We live in a data-driven world, where many companies are hesitant to share their data due to a variety of different concerns. Machine-generated data, such as usage statistics, often contains sensitive business information. In this thesis, the term machine generated data refers to operational data collected from production machines, such as sensor data, or machine usage statistics. In the prototypical implementation, simulated data will be used to represent such machine data. Firms are concerned that sharing such information could reveal secrets or competitive advantages that competitors might exploit. Furthermore, companies fear disclosing data because it may pose privacy and reidentification risk, as shared information often represents how individual users utilize a given tool.


However, withholding this data can lead to missed synergistic effects: limited innovation, missed business opportunities, and inefficient processes. Participating in data sharing ecosystems, when done securely and under clearly defined policies, opens the chance to unlock new value streams, improve interoperability, and facilitate strategic partnerships.


To address and actualize these opportunities, initiatives such as the International Data Spaces Association (IDSA) and the Frauenhofer Institution created the International Data Space (IDS) concept and reference architecture. Later initiatives such as Catena-X build upon these foundational concepts, creating an ecosystem, to enable decentralized, policy controlled, sovereign and secure data exchange between organizations. Despite their efforts, many companies still struggle to identify the potential value of providing data in such an environment.
This thesis focuses on the role of data providers and explores how if and how they can generate new value streams by offering machine generated data, within ecosystems like Catena-X.


2. Research Questions

  1. What defines a data space?
  2. What roles exist within a data space, and how do they interact with one another?
  3. How can Subject Oriented Modelling (SOM) clarify imprecise and ambiguous terminology found in its documentation?
  4. What aspects of Data Space Technology can be described using SOM
  5. How can aspects of Data Space Technology be described using SOM
  6. What types of machine data are suitable for monetization?
  7. What monetization strategies are appropriate for a fictional data provider?
  8. How can the business model of this fictional provider be structured and justified?
  9. How can the processes of the proposed Business Model Canvas (BMC) be modelled using SOM?
  10. What are the strengths and limitations of the developed prototype?


3. Research Plan


3.1 Methodology


This thesis explores how an industrial data provider can monetize machine generated data within a data space. To investigate this, a fictional data provider is introduced. The thesis follows a design-oriented approach that combines literature research, subject oriented modelling, business model development and prototypical software implementation. The software aims to simulate and demonstrate the selected monetization strategies, and to serve as a proof of concept for the proposed business model.

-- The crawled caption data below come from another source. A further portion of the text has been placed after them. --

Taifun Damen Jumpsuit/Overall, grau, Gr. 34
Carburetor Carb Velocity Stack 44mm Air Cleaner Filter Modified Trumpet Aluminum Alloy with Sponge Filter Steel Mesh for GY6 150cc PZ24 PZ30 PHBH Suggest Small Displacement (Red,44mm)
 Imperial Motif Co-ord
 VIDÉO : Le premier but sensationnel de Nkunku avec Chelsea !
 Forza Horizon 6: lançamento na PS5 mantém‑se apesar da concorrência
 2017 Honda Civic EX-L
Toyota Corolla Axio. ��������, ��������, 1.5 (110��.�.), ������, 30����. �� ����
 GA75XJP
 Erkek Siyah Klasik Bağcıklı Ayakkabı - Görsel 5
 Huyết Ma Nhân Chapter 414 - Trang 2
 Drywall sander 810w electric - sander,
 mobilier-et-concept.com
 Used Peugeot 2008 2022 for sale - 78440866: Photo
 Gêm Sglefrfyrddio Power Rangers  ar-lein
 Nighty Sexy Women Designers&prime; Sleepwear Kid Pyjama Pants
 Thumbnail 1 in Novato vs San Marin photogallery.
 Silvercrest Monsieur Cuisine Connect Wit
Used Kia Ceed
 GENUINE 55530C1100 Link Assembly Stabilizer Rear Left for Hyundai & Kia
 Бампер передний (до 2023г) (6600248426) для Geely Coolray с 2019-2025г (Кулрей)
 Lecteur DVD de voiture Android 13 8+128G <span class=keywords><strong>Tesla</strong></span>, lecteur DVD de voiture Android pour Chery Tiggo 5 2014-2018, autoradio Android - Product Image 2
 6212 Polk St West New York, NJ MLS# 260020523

To answer the first two questions a structured literature review will be conducted. The documentation of key frameworks such as the International Data Spaces (IDS) reference architecture, Gaia-X and Catena-X will be examined, paying special attention to imprecise or ambiguous terminology.


To answer the third and seventh research questions, selected process systems within the data space context such as: data offering, contract negotiation and access control between data provider and consumer as well as the business processes implied by the proposed BMC will be modelled utilizing Parallel Activity Specification Scheme. This subject oriented modelling approach is applied to examine whether it can help make implicit logic and role interactions more explicit, thereby contributing to improved conceptual and process clarity.
Next a second literature review will be conducted to identify “What types of machine data are suitable for monetization?”, the output of this will be used to formulate a fictional provider scenario, which serves as the basis for the remainder of the thesis.


Building on the fictional provider scenario, the BMC will be used to analyse and compare potential monetization strategies (e.g. pay per use, licensing, subscription etc.). In response to the research question “What monetization strategies are appropriate for a fictional industrial data provider?”, the selection of a specific strategy will be based on data characteristics, customer segmentation and feasibility considerations.
To address the question “How can the business model of this fictional provider be structured and justified?”, a simplified software prototype will be developed. This prototype will simulate the flow of data monetization, including the creation, publication, and simulated purchase of data. The prototype serves as a practical demonstration and partial validation of the developed business model.
Finally, to answer the last research question “What are strengths and limitations of the developed prototype?”, the software artifact will be evaluated based on its strengths and limitations.